Aim of the exercise:
Please return all of the records that follow, exactly as written.

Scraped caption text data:
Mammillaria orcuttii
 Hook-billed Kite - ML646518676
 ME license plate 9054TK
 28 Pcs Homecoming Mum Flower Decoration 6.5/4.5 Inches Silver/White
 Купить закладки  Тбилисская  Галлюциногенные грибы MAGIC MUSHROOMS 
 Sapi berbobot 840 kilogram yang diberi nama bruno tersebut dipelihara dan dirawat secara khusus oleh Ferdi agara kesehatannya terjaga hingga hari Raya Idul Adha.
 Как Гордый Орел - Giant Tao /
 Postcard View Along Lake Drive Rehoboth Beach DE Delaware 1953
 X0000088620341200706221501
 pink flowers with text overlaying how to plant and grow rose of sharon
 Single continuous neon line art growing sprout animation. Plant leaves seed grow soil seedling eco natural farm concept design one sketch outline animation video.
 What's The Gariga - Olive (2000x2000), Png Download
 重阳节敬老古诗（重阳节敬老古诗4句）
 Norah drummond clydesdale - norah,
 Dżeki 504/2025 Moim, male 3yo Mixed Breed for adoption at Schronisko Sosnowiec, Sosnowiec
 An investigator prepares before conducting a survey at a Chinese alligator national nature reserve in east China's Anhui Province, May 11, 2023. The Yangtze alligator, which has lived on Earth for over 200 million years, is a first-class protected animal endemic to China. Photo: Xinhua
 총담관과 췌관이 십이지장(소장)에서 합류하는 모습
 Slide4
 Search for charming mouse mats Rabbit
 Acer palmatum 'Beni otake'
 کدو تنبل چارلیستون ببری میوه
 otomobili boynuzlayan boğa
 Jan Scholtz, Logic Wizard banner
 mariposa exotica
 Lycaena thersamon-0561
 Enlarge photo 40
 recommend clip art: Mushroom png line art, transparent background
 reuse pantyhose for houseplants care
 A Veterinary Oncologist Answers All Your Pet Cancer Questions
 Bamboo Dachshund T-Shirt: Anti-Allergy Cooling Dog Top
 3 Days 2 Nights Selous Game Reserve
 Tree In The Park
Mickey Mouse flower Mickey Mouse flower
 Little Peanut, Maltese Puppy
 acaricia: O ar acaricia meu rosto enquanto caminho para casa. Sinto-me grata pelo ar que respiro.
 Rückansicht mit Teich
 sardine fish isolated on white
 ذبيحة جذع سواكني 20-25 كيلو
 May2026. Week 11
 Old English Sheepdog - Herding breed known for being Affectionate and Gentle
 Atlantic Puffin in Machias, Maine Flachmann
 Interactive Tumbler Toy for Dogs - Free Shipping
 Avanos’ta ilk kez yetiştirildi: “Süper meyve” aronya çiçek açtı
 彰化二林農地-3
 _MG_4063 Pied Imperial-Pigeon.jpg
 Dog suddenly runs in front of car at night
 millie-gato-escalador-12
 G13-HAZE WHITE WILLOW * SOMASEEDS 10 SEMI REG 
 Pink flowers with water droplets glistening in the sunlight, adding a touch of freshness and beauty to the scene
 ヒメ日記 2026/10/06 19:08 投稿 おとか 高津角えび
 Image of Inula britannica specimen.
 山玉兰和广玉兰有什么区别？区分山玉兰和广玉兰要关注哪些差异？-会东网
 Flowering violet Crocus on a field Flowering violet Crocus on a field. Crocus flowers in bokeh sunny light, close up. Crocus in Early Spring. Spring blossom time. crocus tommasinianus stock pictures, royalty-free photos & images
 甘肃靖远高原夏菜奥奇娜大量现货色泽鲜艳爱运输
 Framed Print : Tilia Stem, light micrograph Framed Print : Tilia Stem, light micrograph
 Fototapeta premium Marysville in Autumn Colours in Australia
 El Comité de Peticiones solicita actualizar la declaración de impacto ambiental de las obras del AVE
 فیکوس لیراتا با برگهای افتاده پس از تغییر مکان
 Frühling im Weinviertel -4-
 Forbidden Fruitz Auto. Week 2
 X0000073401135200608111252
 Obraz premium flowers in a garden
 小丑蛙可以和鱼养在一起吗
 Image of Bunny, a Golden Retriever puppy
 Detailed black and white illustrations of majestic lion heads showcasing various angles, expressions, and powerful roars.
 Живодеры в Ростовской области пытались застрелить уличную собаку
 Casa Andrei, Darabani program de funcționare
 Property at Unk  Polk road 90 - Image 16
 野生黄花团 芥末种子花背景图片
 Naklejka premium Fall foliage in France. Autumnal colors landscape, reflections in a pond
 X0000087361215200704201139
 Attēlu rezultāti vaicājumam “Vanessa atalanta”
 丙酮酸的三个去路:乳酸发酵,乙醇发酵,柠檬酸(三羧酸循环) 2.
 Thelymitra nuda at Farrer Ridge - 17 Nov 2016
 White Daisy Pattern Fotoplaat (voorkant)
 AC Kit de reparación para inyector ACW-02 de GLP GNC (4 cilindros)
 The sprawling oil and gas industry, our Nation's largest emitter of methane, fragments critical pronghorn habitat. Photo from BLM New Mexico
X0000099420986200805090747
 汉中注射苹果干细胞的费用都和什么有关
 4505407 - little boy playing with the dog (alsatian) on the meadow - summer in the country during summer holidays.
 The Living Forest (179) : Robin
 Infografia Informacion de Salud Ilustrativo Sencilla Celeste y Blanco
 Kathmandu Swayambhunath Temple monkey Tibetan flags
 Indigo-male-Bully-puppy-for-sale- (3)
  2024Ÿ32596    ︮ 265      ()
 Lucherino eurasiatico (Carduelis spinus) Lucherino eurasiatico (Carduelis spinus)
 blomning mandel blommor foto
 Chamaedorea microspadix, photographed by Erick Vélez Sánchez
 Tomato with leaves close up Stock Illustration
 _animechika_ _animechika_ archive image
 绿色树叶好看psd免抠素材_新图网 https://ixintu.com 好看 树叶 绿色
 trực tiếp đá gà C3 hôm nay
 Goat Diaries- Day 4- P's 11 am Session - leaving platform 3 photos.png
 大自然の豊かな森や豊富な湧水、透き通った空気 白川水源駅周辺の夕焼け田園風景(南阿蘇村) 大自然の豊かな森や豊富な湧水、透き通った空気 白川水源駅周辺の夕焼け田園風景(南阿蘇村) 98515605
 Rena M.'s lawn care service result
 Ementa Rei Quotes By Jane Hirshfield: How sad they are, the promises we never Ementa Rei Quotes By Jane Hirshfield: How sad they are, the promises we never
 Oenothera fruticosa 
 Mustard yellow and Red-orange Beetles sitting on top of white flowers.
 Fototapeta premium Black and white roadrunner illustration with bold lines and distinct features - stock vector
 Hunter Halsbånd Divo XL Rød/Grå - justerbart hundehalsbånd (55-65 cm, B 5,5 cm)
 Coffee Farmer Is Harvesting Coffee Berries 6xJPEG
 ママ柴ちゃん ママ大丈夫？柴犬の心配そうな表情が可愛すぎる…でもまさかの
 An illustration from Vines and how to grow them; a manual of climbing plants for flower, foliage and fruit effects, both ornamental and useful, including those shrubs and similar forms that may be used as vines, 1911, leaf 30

Written response:
Mammillaria orcuttii
 Hook-billed Kite - ML646518676
 ME license plate 9054TK
 28 Pcs Homecoming Mum Flower Decoration 6.5/4.5 Inches Silver/White
 Купить закладки  Тбилисская  Галлюциногенные грибы MAGIC MUSHROOMS 
 Sapi berbobot 840 kilogram yang diberi nama bruno tersebut dipelihara dan dirawat secara khusus oleh Ferdi agara kesehatannya terjaga hingga hari Raya Idul Adha.
 Как Гордый Орел - Giant Tao /
 Postcard View Along Lake Drive Rehoboth Beach DE Delaware 1953
 X0000088620341200706221501
 pink flowers with text overlaying how to plant and grow rose of sharon
 Single continuous neon line art growing sprout animation. Plant leaves seed grow soil seedling eco natural farm concept design one sketch outline animation video.
 What's The Gariga - Olive (2000x2000), Png Download
 重阳节敬老古诗（重阳节敬老古诗4句）
 Norah drummond clydesdale - norah,
 Dżeki 504/2025 Moim, male 3yo Mixed Breed for adoption at Schronisko Sosnowiec, Sosnowiec
 An investigator prepares before conducting a survey at a Chinese alligator national nature reserve in east China's Anhui Province, May 11, 2023. The Yangtze alligator, which has lived on Earth for over 200 million years, is a first-class protected animal endemic to China. Photo: Xinhua
 총담관과 췌관이 십이지장(소장)에서 합류하는 모습
 Slide4
 Search for charming mouse mats Rabbit
 Acer palmatum 'Beni otake'
 کدو تنبل چارلیستون ببری میوه
 otomobili boynuzlayan boğa
 Jan Scholtz, Logic Wizard banner
 mariposa exotica
 Lycaena thersamon-0561
 Enlarge photo 40
 recommend clip art: Mushroom png line art, transparent background
 reuse pantyhose for houseplants care
 A Veterinary Oncologist Answers All Your Pet Cancer Questions
 Bamboo Dachshund T-Shirt: Anti-Allergy Cooling Dog Top
 3 Days 2 Nights Selous Game Reserve
 Tree In The Park
Mickey Mouse flower Mickey Mouse flower
 Little Peanut, Maltese Puppy
 acaricia: O ar acaricia meu rosto enquanto caminho para casa. Sinto-me grata pelo ar que respiro.
 Rückansicht mit Teich
 sardine fish isolated on white
 ذبيحة جذع سواكني 20-25 كيلو
 May2026. Week 11
 Old English Sheepdog - Herding breed known for being Affectionate and Gentle
 Atlantic Puffin in Machias, Maine Flachmann
 Interactive Tumbler Toy for Dogs - Free Shipping
 Avanos’ta ilk kez yetiştirildi: “Süper meyve” aronya çiçek açtı
 彰化二林農地-3
 _MG_4063 Pied Imperial-Pigeon.jpg
 Dog suddenly runs in front of car at night
 millie-gato-escalador-12
 G13-HAZE WHITE WILLOW * SOMASEEDS 10 SEMI REG 
 Pink flowers with water droplets glistening in the sunlight, adding a touch of freshness and beauty to the scene
 ヒメ日記 2026/10/06 19:08 投稿 おとか 高津角えび
 Image of Inula britannica specimen.
 山玉兰和广玉兰有什么区别？区分山玉兰和广玉兰要关注哪些差异？-会东网
 Flowering violet Crocus on a field Flowering violet Crocus on a field. Crocus flowers in bokeh sunny light, close up. Crocus in Early Spring. Spring blossom time. crocus tommasinianus stock pictures, royalty-free photos & images
 甘肃靖远高原夏菜奥奇娜大量现货色泽鲜艳爱运输
 Framed Print : Tilia Stem, light micrograph Framed Print : Tilia Stem, light micrograph
 Fototapeta premium Marysville in Autumn Colours in Australia
 El Comité de Peticiones solicita actualizar la declaración de impacto ambiental de las obras del AVE
 فیکوس لیراتا با برگهای افتاده پس از تغییر مکان
 Frühling im Weinviertel -4-
 Forbidden Fruitz Auto. Week 2
 X0000073401135200608111252
 Obraz premium flowers in a garden
 小丑蛙可以和鱼养在一起吗
 Image of Bunny, a Golden Retriever puppy
 Detailed black and white illustrations of majestic lion heads showcasing various angles, expressions, and powerful roars.
 Живодеры в Ростовской области пытались застрелить уличную собаку
 Casa Andrei, Darabani program de funcționare
 Property at Unk  Polk road 90 - Image 16
 野生黄花团 芥末种子花背景图片
 Naklejka premium Fall foliage in France. Autumnal colors landscape, reflections in a pond
 X0000087361215200704201139
 Attēlu rezultāti vaicājumam “Vanessa atalanta”
 丙酮酸的三个去路:乳酸发酵,乙醇发酵,柠檬酸(三羧酸循环) 2.
 Thelymitra nuda at Farrer Ridge - 17 Nov 2016
 White Daisy Pattern Fotoplaat (voorkant)
 AC Kit de reparación para inyector ACW-02 de GLP GNC (4 cilindros)
 The sprawling oil and gas industry, our Nation's largest emitter of methane, fragments critical pronghorn habitat. Photo from BLM New Mexico
X0000099420986200805090747
 汉中注射苹果干细胞的费用都和什么有关
 4505407 - little boy playing with the dog (alsatian) on the meadow - summer in the country during summer holidays.
 The Living Forest (179) : Robin
 Infografia Informacion de Salud Ilustrativo Sencilla Celeste y Blanco
 Kathmandu Swayambhunath Temple monkey Tibetan flags
 Indigo-male-Bully-puppy-for-sale- (3)
  2024Ÿ32596    ︮ 265      ()
 Lucherino eurasiatico (Carduelis spinus) Lucherino eurasiatico (Carduelis spinus)
 blomning mandel blommor foto
 Chamaedorea microspadix, photographed by Erick Vélez Sánchez
 Tomato with leaves close up Stock Illustration
 _animechika_ _animechika_ archive image
 绿色树叶好看psd免抠素材_新图网 https://ixintu.com 好看 树叶 绿色
 trực tiếp đá gà C3 hôm nay
 Goat Diaries- Day 4- P's 11 am Session - leaving platform 3 photos.png
 大自然の豊かな森や豊富な湧水、透き通った空気 白川水源駅周辺の夕焼け田園風景(南阿蘇村) 大自然の豊かな森や豊富な湧水、透き通った空気 白川水源駅周辺の夕焼け田園風景(南阿蘇村) 98515605
 Rena M.'s lawn care service result
 Ementa Rei Quotes By Jane Hirshfield: How sad they are, the promises we never Ementa Rei Quotes By Jane Hirshfield: How sad they are, the promises we never
 Oenothera fruticosa 
 Mustard yellow and Red-orange Beetles sitting on top of white flowers.
 Fototapeta premium Black and white roadrunner illustration with bold lines and distinct features - stock vector
 Hunter Halsbånd Divo XL Rød/Grå - justerbart hundehalsbånd (55-65 cm, B 5,5 cm)
 Coffee Farmer Is Harvesting Coffee Berries 6xJPEG
 ママ柴ちゃん ママ大丈夫？柴犬の心配そうな表情が可愛すぎる…でもまさかの
 An illustration from Vines and how to grow them; a manual of climbing plants for flower, foliage and fruit effects, both ornamental and useful, including those shrubs and similar forms that may be used as vines, 1911, leaf 30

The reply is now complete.